One range is to be output from the listing below, exactly as written: the line with "Divulgação/Sevilla" to the line with "Audi A6, 2013", both kept.

> [Entries shown]
-- -- --
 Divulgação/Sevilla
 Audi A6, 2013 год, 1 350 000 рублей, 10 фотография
-- -- --
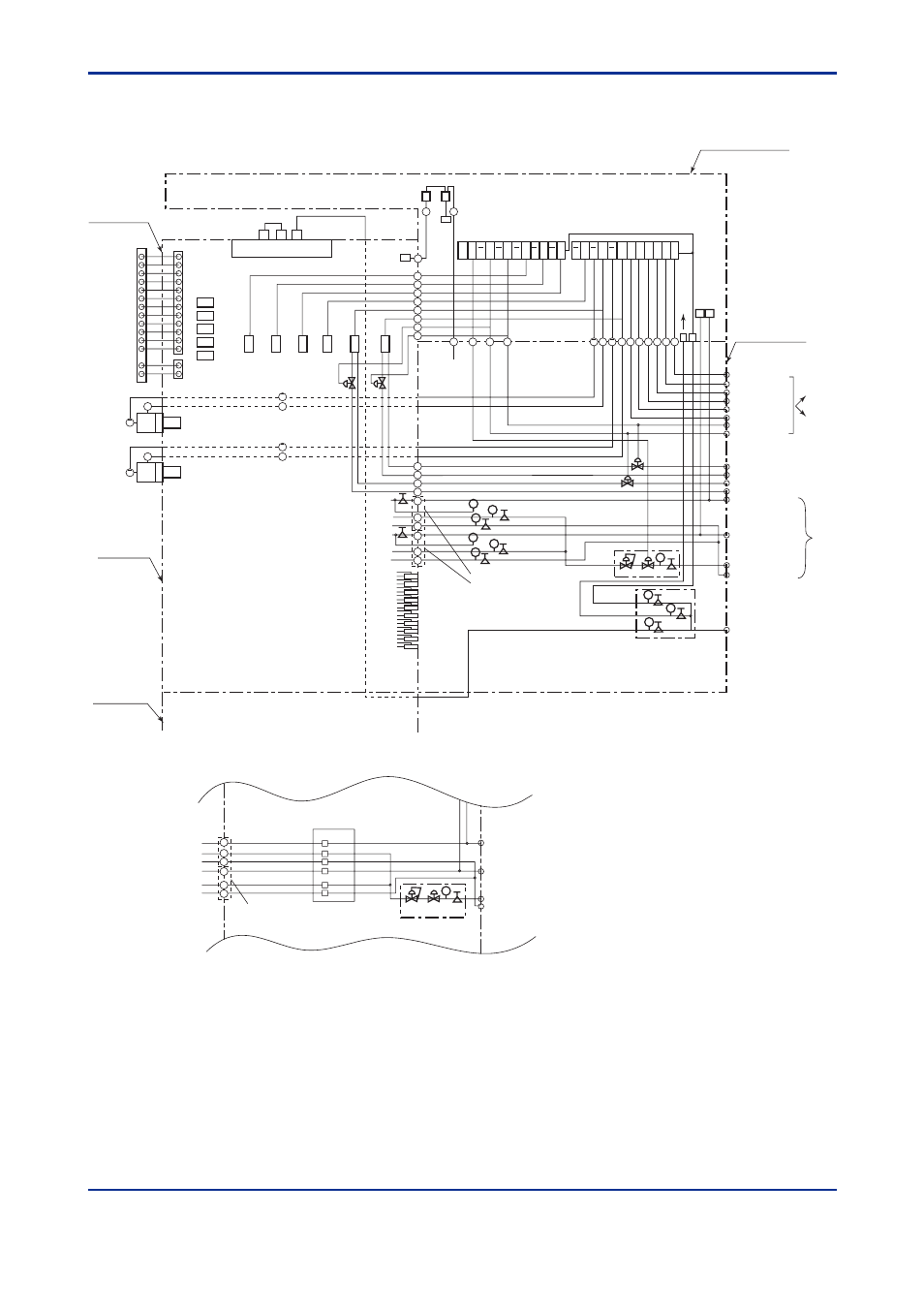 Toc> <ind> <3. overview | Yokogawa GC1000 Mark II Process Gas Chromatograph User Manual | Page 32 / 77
-- -- --
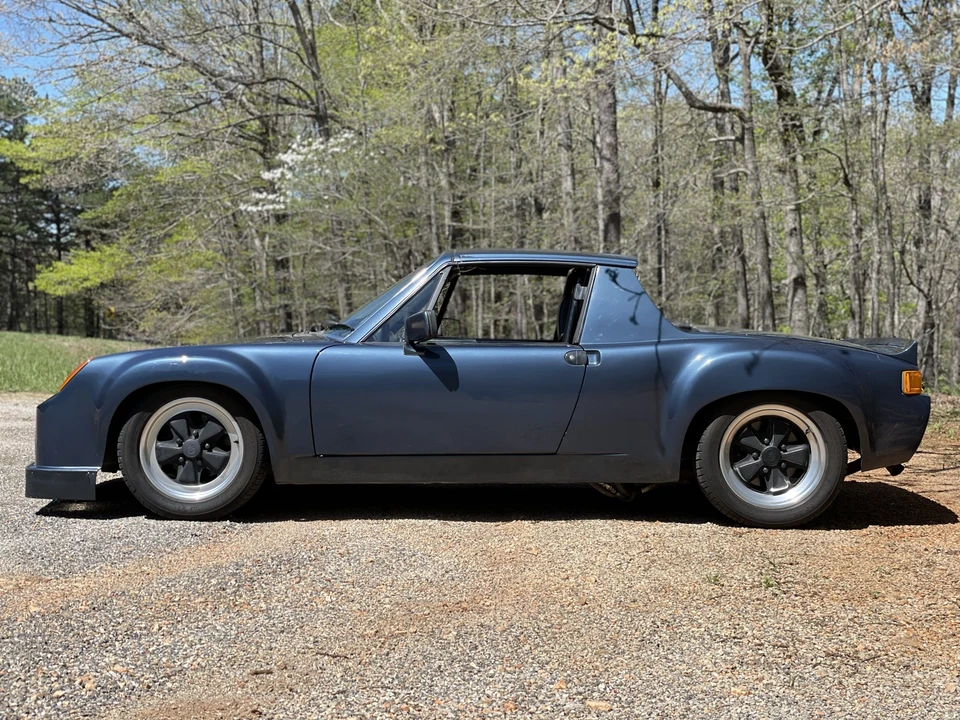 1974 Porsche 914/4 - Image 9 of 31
-- -- --
> [Answer box]
 Divulgação/Sevilla
 Audi A6, 2013 год, 1 350 000 рублей, 10 фотография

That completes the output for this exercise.